STORED DATA:
•••

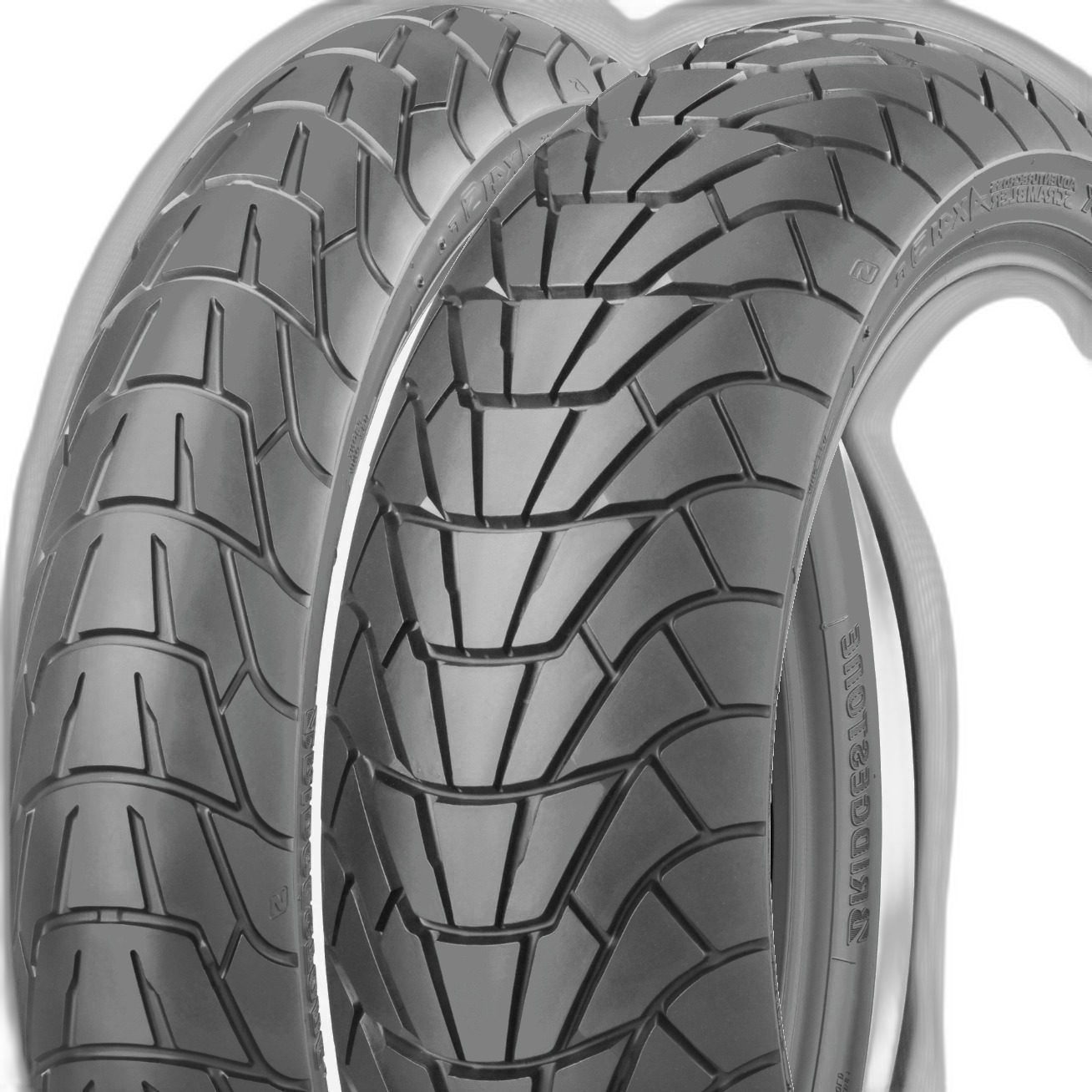 Bridgestone Battlax Adventurecross Scrambler AX41S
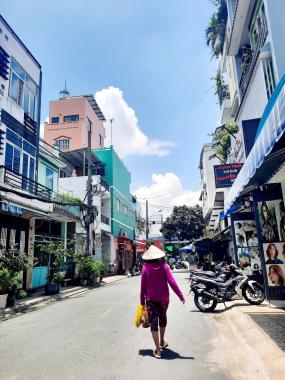 Bán nhà riêng tại Đường Nguyễn Nhữ Lãm, Phường Phú Thọ Hòa, Tân Phú, Hồ Chí Minh diện tích 42m2 giá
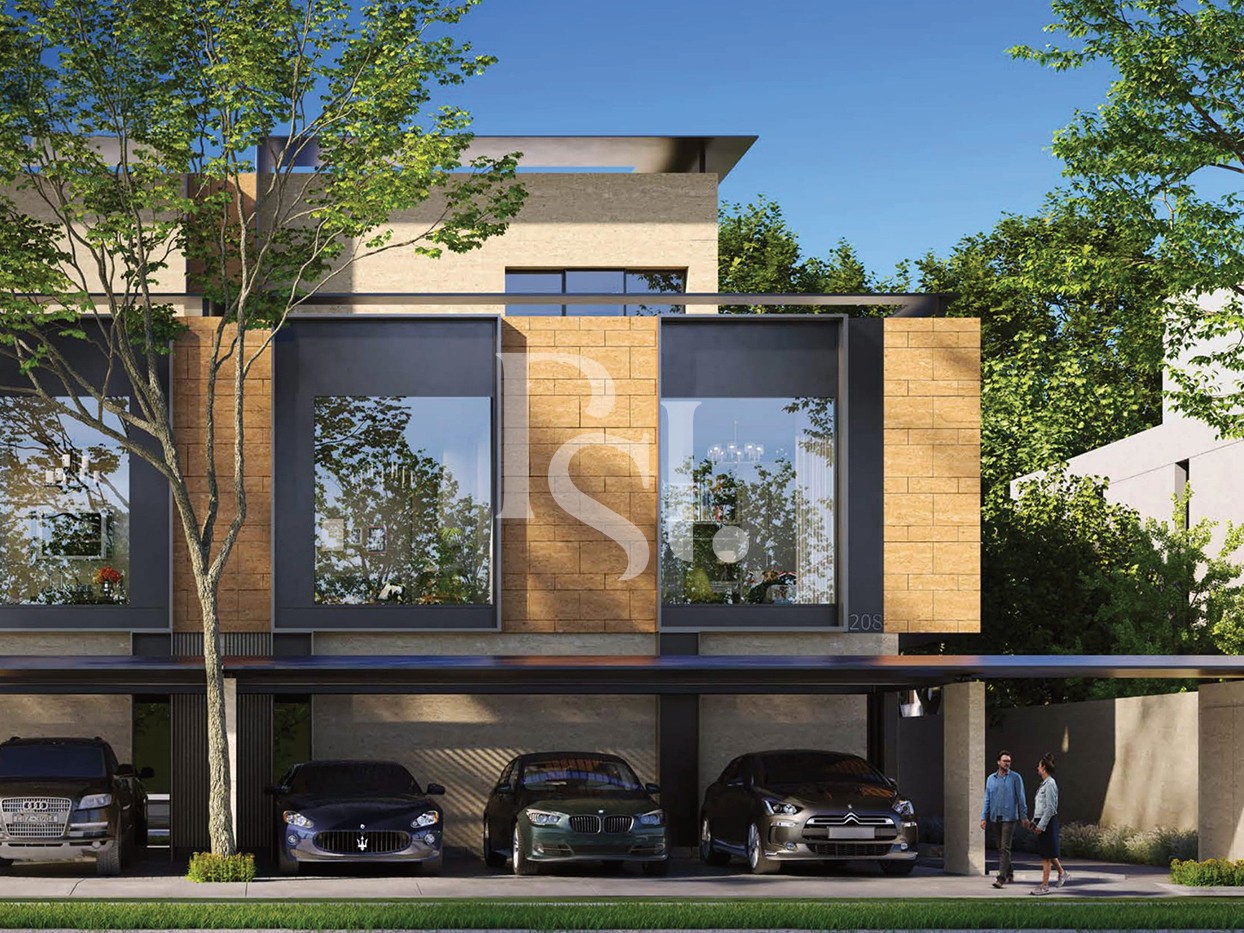 Twin Villa | Single Row | Big Terrace | 4BR + Maid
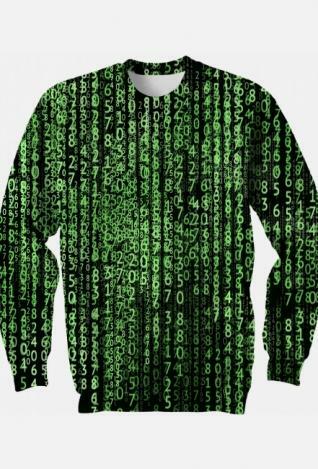 Bluza MATRIX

•••

WHAT YOU SHOULD DO:
This task asks for the data above repeated exactly, without a single picture.

TASK ANSWER:
 Bridgestone Battlax Adventurecross Scrambler AX41S
 Bán nhà riêng tại Đường Nguyễn Nhữ Lãm, Phường Phú Thọ Hòa, Tân Phú, Hồ Chí Minh diện tích 42m2 giá
 Twin Villa | Single Row | Big Terrace | 4BR + Maid
 Bluza MATRIX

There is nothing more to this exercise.